### Task objective
Your reply should be the whole listing, copied exactly, with the pictures left out.

### Supplied records

┄┄┄┄┄┄

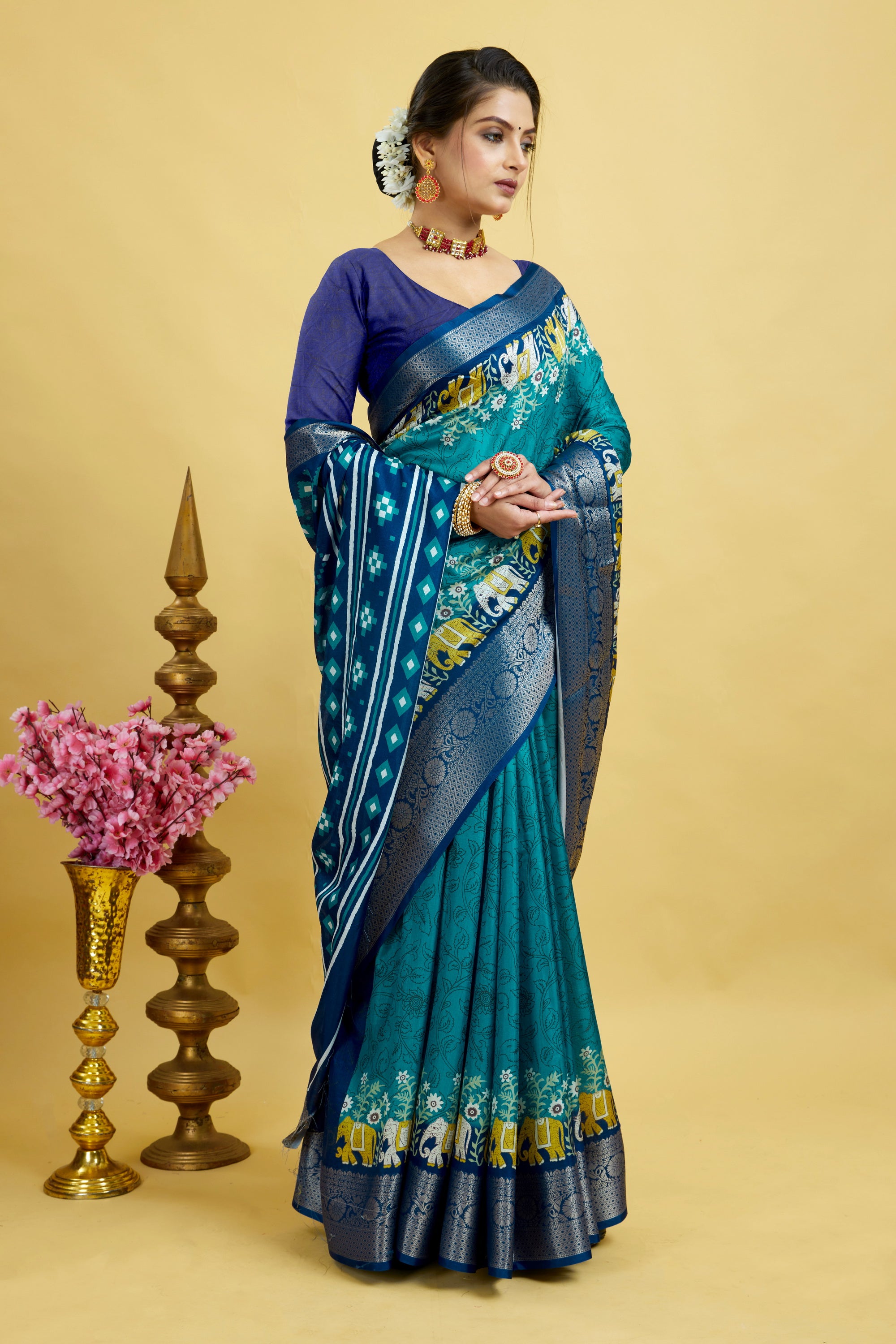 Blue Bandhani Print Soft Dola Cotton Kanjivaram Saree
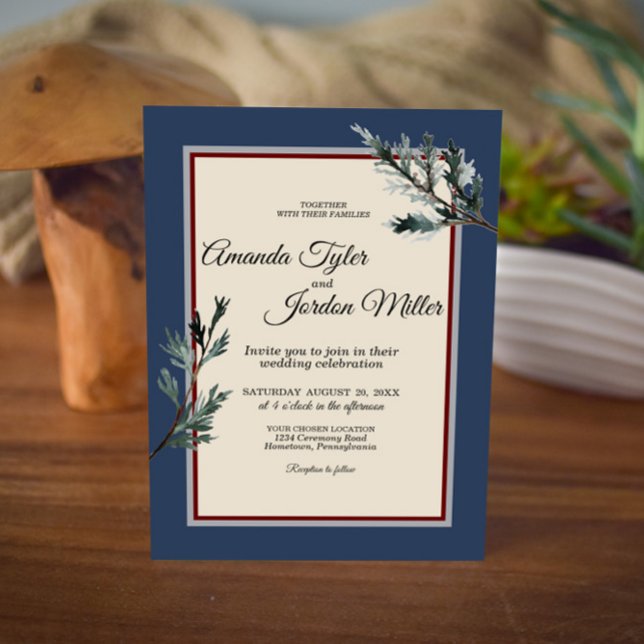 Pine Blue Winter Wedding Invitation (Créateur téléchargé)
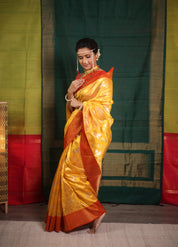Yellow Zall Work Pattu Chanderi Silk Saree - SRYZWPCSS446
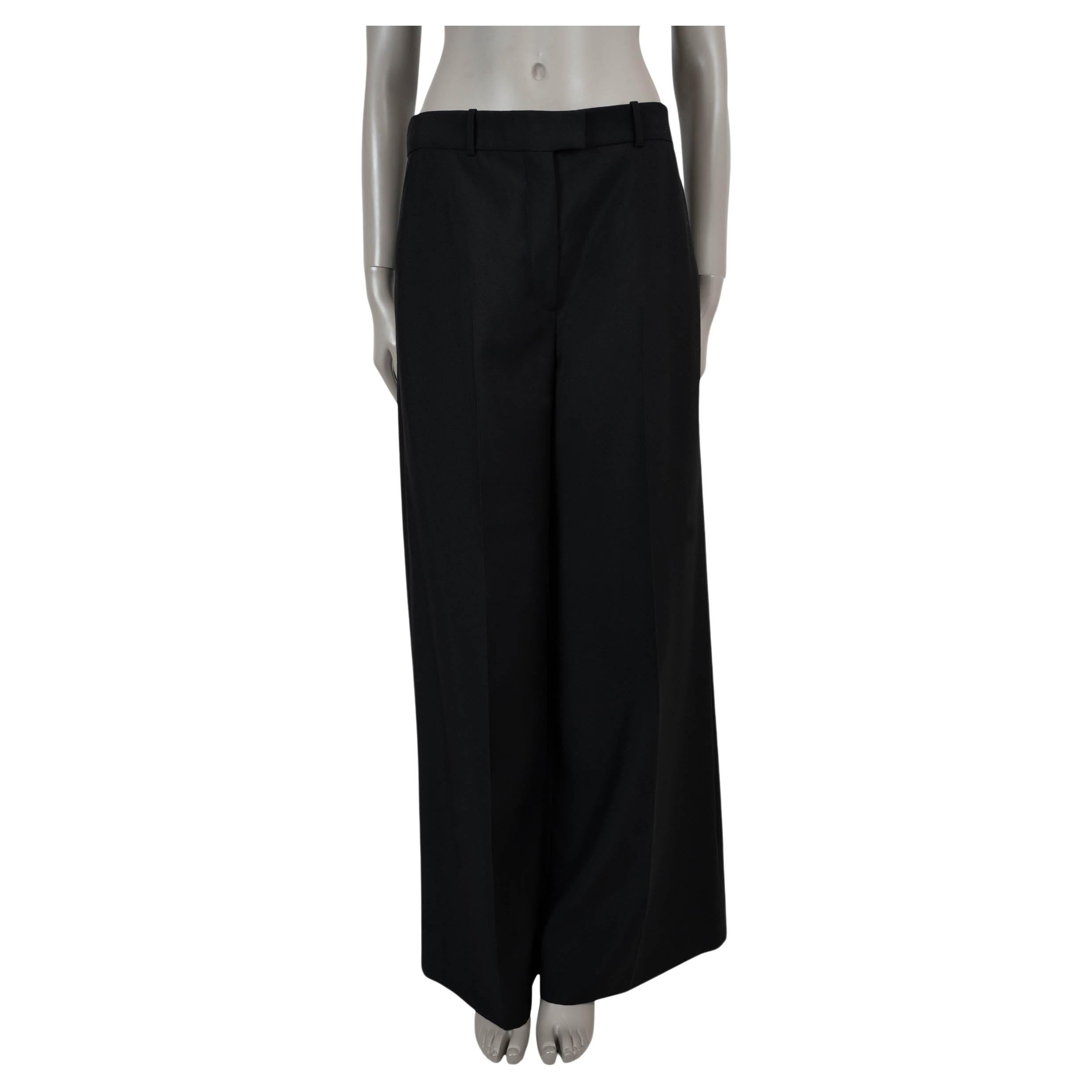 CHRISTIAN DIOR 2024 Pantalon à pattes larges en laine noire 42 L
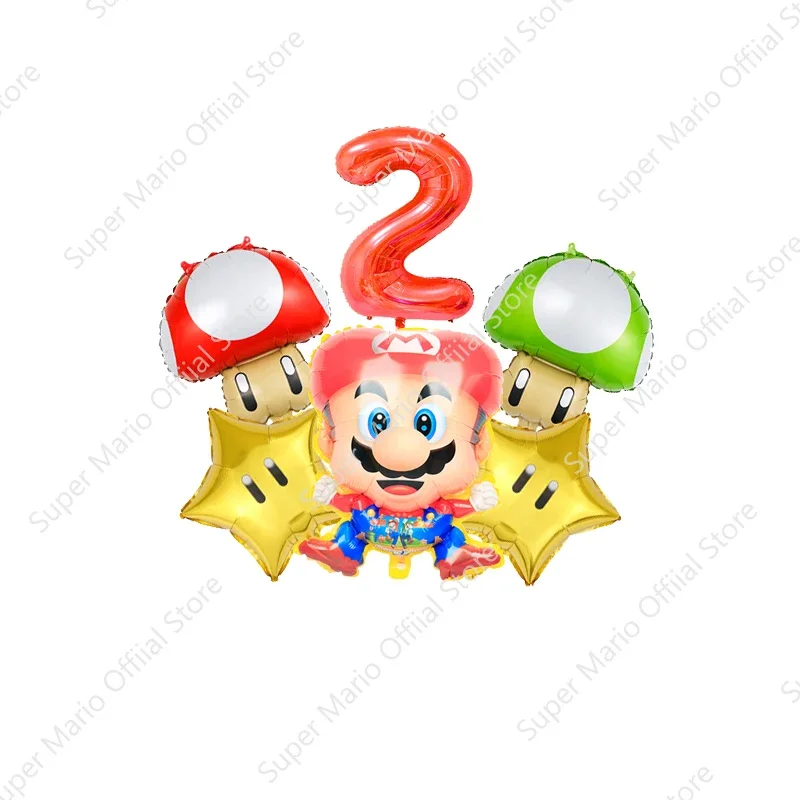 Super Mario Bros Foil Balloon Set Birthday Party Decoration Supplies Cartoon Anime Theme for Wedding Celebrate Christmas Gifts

┄┄┄┄┄┄

### Solution below
 Blue Bandhani Print Soft Dola Cotton Kanjivaram Saree
 Pine Blue Winter Wedding Invitation (Créateur téléchargé)
Yellow Zall Work Pattu Chanderi Silk Saree - SRYZWPCSS446
 CHRISTIAN DIOR 2024 Pantalon à pattes larges en laine noire 42 L
 Super Mario Bros Foil Balloon Set Birthday Party Decoration Supplies Cartoon Anime Theme for Wedding Celebrate Christmas Gifts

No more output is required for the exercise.